Its 4:45am, and sleep feels like a luxury at this point in the process of opening our new restaurant. When the baby needs attention, even in the middle of the night, somebody has to get up and take care of it. When both of our kids were born, we were fortunate to have lots of help; grandparents, neighbors and other friends would pitch in to help with miscellaneous duties. The strength derived from this support became extremely helpful when the going got tough
And the going has gotten tough in this opening week. The stress is starting to mount. The nerves are fraying at the edges. Sleep deprivation is taking its toll, but the team is holding together and gathering the fortitude necessary to keep pressing toward the goal of creating a place of hospitality of which we all can be proud.
Joe Martin serves as our GM. Joe started with us at bread&cup from Day One, helping in both the front and back of the house. I first met Joe when I was working in a commercial kitchen in the days before bread&cup opened in 2006. After two days of working with Joe, I came home and told Karen that if we indeed can get this restaurant open, I want to hire Joe. He has an ability to predict what needs to happen next. His quiet work ethic commands the respect of his coworkers and employees and I am most fortunate to have him on our team
Jake Kester serves as our Bar Manager and has put together our beverage program out of a deep fascination with cocktails and their history. I got to learn more about this interest during our many keno sessions in Denton. I found that Jake and I shared the same value for simplicity and quality, and that people that mix drinks should be referred to as bartenders, and an Old Fashioned made with rum is never to be called an Old Fashioned. Jake recently became a new dad, so he is fully and personally acquainted with the analogy I use to compare childbirth to launching a restaurant.

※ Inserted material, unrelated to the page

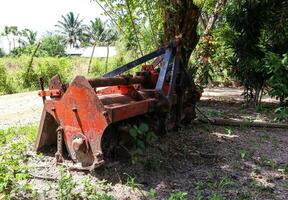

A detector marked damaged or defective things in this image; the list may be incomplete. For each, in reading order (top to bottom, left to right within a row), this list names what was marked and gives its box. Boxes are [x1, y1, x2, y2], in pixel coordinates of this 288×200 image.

rusty farm equipment [36, 41, 201, 170]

Luke Shinn, my son, works as our Assistant Manager, doing all the odd jobs that need to get done but never really get noticed. Working with family is challenging, especially being both dad and boss, but the reward of watching my son grow through the daily challenges he faces is compensation that money cannot even approximate. As his dad, I know him intimately, both strengths and weaknesses, as he does with me. The foundation I see developing under his feet during this exhausting season of business make a dad deeply proud.
I never forget that holding the position as leader entails both responsibility and privilege. Commitment toward those who follow is paramount, for they are the ones that will, in turn, execute the vision and serve the guest.